WHAT YOU ARE ASKED TO DO ::
Every line of the listing below is to be duplicated exactly, with the pictures left out.

[[ DATASET CONTENT open ]]

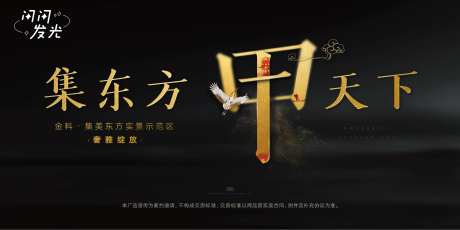 桂林山水甲天下-采灵感-https://www.cailinggan.com/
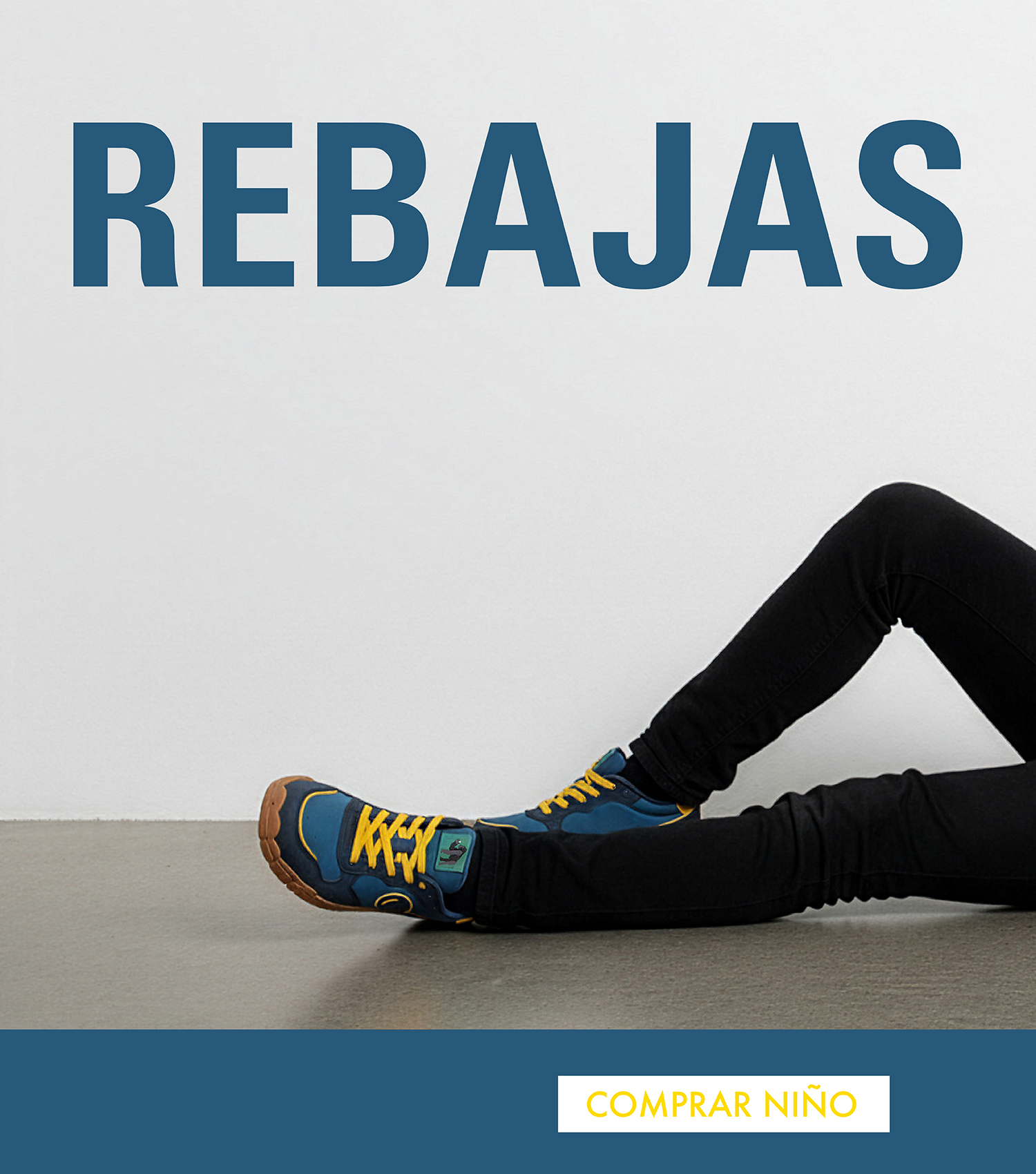 Gorila niño colección primavera verano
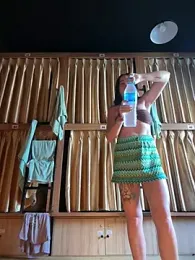 LilliThelo stripchat stream image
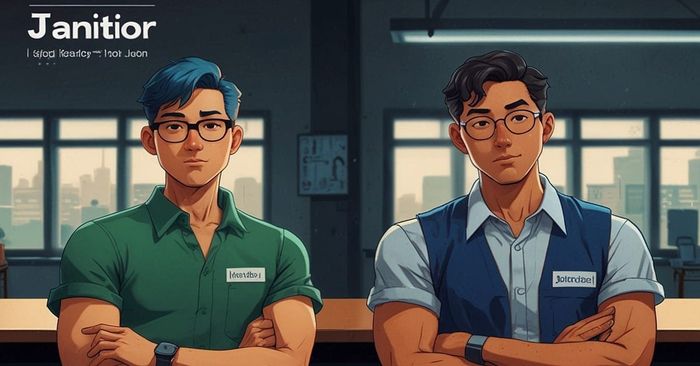 hinh-anh-bang-gia-janitor-ai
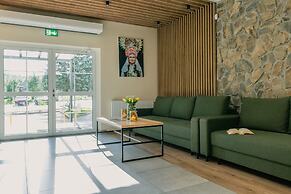 Country Club Żywiec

[[ DATASET CONTENT closed ]]

WRITTEN SOLUTION ::
 桂林山水甲天下-采灵感-https://www.cailinggan.com/
 Gorila niño colección primavera verano
 LilliThelo stripchat stream image
 hinh-anh-bang-gia-janitor-ai
 Country Club Żywiec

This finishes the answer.